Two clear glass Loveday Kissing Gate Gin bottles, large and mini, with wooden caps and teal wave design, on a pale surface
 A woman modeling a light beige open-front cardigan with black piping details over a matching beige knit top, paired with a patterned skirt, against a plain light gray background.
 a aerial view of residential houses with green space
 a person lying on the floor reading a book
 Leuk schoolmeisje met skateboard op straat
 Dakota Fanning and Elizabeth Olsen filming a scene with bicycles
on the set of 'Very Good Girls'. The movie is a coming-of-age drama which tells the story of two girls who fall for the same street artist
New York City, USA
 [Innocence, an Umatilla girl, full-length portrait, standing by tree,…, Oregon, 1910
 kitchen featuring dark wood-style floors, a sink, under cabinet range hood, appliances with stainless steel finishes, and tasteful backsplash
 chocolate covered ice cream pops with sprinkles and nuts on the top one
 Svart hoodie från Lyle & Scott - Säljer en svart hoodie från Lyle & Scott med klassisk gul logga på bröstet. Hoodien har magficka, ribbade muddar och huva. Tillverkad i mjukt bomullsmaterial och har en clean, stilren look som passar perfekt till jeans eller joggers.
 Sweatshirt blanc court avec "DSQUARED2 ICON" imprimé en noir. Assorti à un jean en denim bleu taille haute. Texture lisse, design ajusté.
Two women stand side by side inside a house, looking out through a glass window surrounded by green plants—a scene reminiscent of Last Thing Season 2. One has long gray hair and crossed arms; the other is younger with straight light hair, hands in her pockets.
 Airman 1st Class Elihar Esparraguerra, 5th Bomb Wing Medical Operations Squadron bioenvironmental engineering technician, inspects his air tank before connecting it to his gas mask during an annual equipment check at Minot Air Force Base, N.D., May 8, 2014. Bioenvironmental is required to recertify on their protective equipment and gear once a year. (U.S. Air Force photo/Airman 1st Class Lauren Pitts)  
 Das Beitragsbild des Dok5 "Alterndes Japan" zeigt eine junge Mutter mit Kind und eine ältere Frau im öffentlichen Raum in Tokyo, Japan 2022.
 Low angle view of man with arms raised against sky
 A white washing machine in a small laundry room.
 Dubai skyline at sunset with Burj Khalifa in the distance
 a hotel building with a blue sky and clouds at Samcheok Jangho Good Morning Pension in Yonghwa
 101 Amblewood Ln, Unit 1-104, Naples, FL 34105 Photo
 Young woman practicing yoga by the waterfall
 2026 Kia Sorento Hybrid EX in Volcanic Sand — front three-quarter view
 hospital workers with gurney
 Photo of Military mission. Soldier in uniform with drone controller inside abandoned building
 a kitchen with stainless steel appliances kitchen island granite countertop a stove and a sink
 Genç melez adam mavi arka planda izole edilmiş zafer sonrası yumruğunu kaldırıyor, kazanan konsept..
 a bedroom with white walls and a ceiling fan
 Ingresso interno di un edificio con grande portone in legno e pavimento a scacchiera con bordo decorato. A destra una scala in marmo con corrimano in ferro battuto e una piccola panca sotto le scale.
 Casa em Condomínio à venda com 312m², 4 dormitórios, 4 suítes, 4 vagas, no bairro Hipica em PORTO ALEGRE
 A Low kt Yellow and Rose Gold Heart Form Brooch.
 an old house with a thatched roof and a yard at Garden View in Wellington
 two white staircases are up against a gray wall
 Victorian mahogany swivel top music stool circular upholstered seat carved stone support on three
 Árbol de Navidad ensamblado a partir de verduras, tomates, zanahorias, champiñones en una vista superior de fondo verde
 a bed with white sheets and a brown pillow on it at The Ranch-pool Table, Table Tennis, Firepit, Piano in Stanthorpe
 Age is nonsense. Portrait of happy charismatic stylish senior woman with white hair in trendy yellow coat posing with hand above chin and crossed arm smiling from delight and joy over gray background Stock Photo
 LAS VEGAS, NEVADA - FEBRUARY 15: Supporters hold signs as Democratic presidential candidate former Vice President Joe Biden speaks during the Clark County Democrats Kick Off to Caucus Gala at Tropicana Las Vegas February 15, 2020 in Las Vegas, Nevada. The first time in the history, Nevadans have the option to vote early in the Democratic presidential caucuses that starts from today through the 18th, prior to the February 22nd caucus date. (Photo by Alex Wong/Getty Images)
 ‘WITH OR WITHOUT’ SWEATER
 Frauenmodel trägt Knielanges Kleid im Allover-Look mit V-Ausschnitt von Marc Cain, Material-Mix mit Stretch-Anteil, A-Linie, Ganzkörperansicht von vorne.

**Your objective**
Where the string "kitchen" occurs in a line of the listing, copy the line.

**Response for this exercise**
 kitchen featuring dark wood-style floors, a sink, under cabinet range hood, appliances with stainless steel finishes, and tasteful backsplash
 a kitchen with stainless steel appliances kitchen island granite countertop a stove and a sink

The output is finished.